Introducing Amazon S3 shuffle in AWS Glue
Nov 2022: Newer version of the product is now available to be used for this post.
AWS Glue is a serverless data integration service that makes it easy to discover, prepare, and combine data for analytics, machine learning (ML), and application development. In AWS Glue, you can use Apache Spark, which is an open-source, distributed processing system for your data integration tasks and big data workloads. Apache Spark utilizes in-memory caching and optimized query execution for fast analytic queries against your datasets, which are split into multiple partitions so that you can execute different transformations in parallel.
Shuffling is an important step in a Spark job whenever data is rearranged between partitions. The groupByKey(), reduceByKey(), join(), and distinct() are some examples of wide transformations that can cause a shuffle. During a shuffle, data is written to disk and transferred across the network. As a result, the shuffle operation is often constrained by the available local disk capacity, or data skew, which can cause straggling executors. Spark often throws a
No space left on device or
MetadataFetchFailedException error when there is not enough disk space left on the executor and there is no recovery.

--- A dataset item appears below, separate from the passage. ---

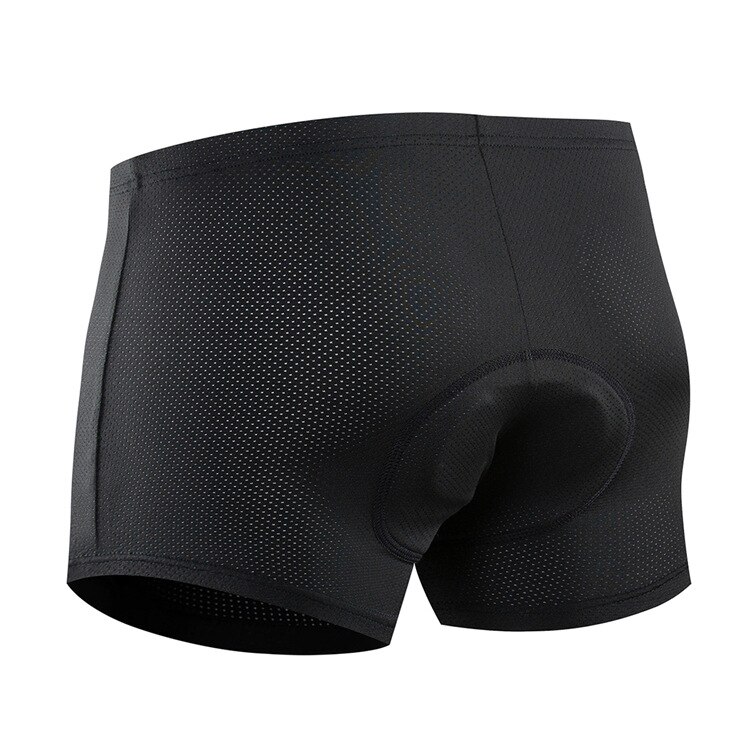 Short de moto en silicone épais, sous-vêtements de moto, respirant et à séchage rapide, coussin de pet pour vélo de montagne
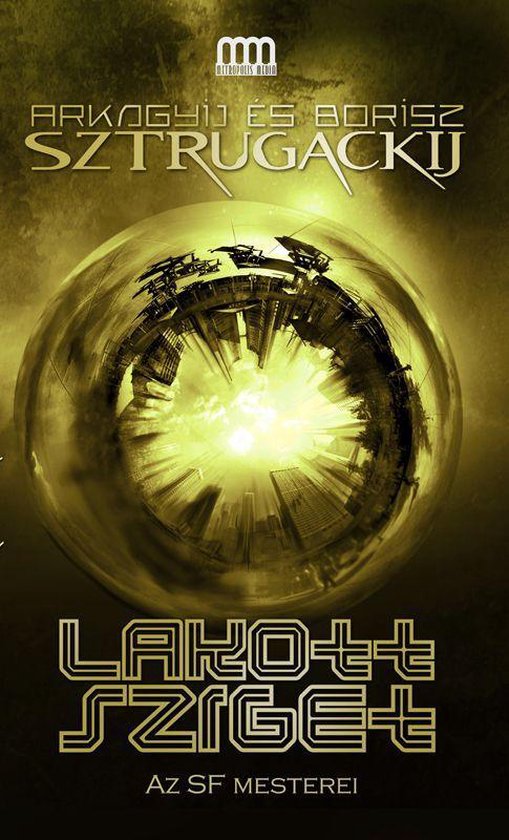 Lakott sziget - cover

This post introduces a new Spark shuffle manager available in AWS Glue that disaggregates Spark compute and shuffle storage by utilizing Amazon Simple Storage Service (Amazon S3) to store Spark shuffle and spill files. Using Amazon S3 for Spark shuffle storage lets you run data-intensive workloads much more reliably.
Understanding the shuffle operation in AWS Glue
Spark creates physical plans for running your workflow, called Directed Acyclic Graphs (DAGs). The DAG represents a series of transformations on your dataset, each resulting in a new immutable RDD. All of the transformations in Spark are lazy, in that they are not computed until an action is called to generate results. There are two types of transformations:
- Narrow transformation – Such as
mapPartition, where each input partition contributes to only one output partition.
- Wide transformation – Such as
repartition, where each input partition contributes to many output partitions.
In Spark, a shuffle occurs whenever data is rearranged between partitions. This is required because the wide transformation needs information from other partitions in order to complete its processing. Spark gathers the required data from each partition and combines it into a new partition. During a shuffle phase, all Spark map tasks write shuffle data to a local disk that is then transferred across the network and fetched by Spark reduce tasks. With AWS Glue, workers write shuffle data on local disk volumes attached to the AWS Glue workers.
In addition to shuffle writes, Spark uses local disk to spill data from memory that exceeds the heap space defined by the
spark.memory.fraction configuration parameter. Shuffle spill (memory) is the size of the de-serialized form of the data in the memory at the time when the worker spills it. Whereas shuffle spill (disk) is the size of the serialized form of the data on disk after the worker has spilled.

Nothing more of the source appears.